Beneath this instruction is a listing; print exactly the lines in it starting at the line that contains "IRO Tara Leather" and going through the line that contains "大容量 水戸市 茨城県】（BY-9）".
#### Given data ####
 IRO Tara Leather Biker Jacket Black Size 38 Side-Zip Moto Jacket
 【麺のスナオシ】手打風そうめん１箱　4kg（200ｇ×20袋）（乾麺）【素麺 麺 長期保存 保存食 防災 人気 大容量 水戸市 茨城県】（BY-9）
####
#### Given data ####
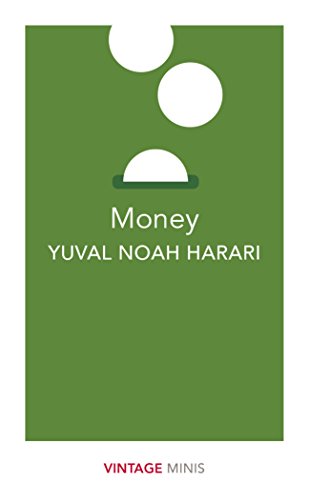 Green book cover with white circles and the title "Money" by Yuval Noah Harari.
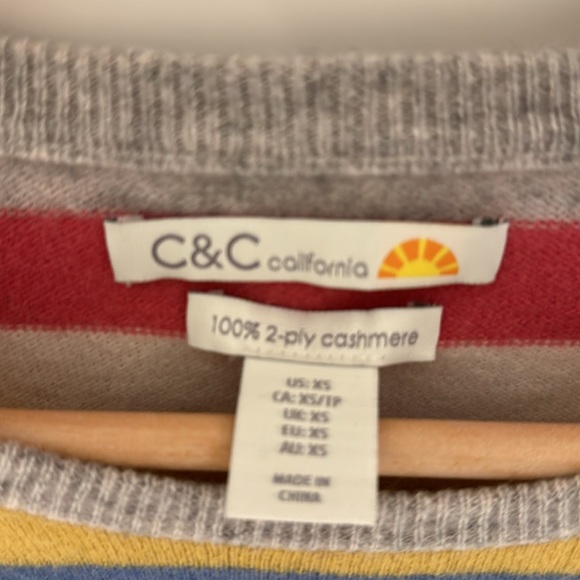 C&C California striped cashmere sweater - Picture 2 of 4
####
◆ **Written response**
 IRO Tara Leather Biker Jacket Black Size 38 Side-Zip Moto Jacket
 【麺のスナオシ】手打風そうめん１箱　4kg（200ｇ×20袋）（乾麺）【素麺 麺 長期保存 保存食 防災 人気 大容量 水戸市 茨城県】（BY-9）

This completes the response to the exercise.